• _Input data_
● ● ● ● ● ● ●
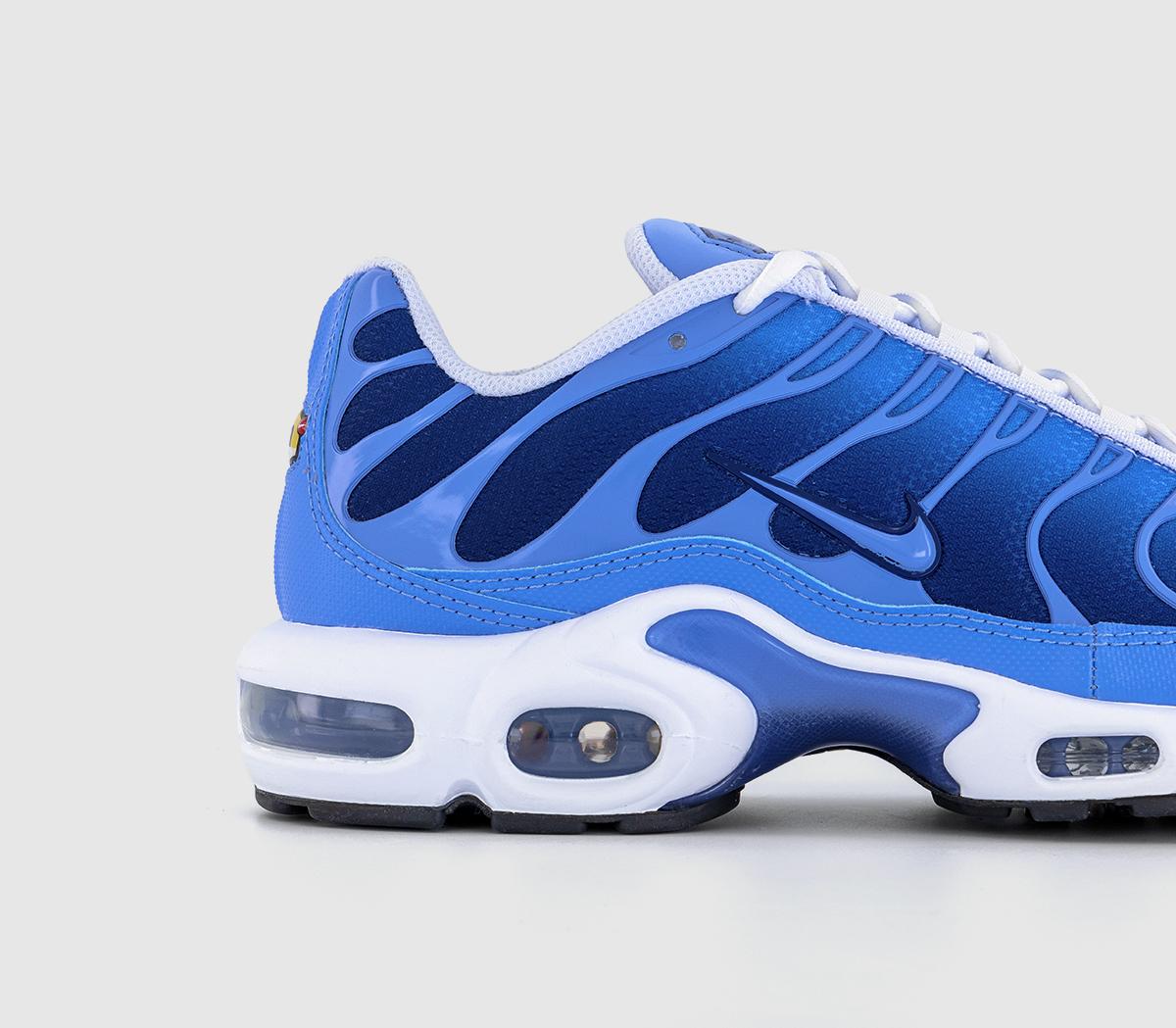 NikeAir Max Plus TrainersBlue Blue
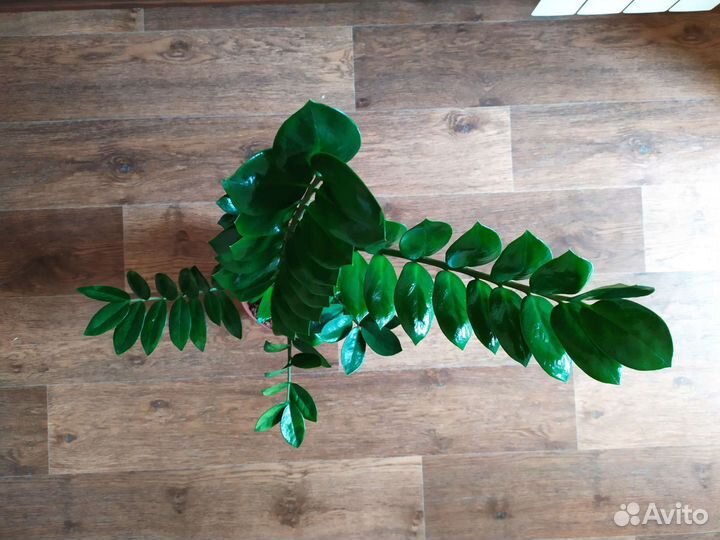 Замиокулькас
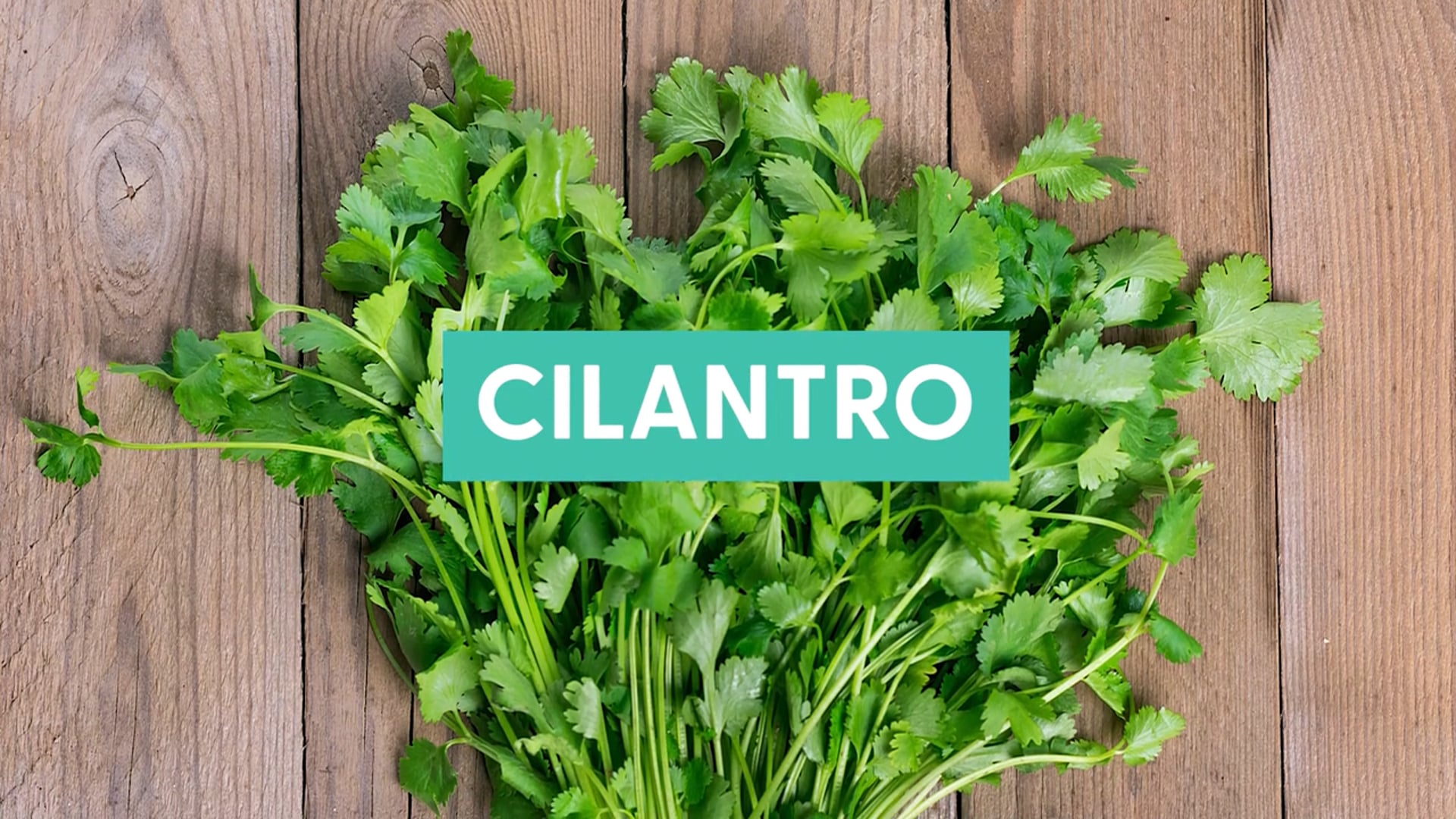 Mexico: Cilantro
● ● ● ● ● ● ●
• _Problem to work on_
Give back an exact copy of the material above, omitting the pictures.

• _Answer to this task_
 NikeAir Max Plus TrainersBlue Blue
 Замиокулькас
 Mexico: Cilantro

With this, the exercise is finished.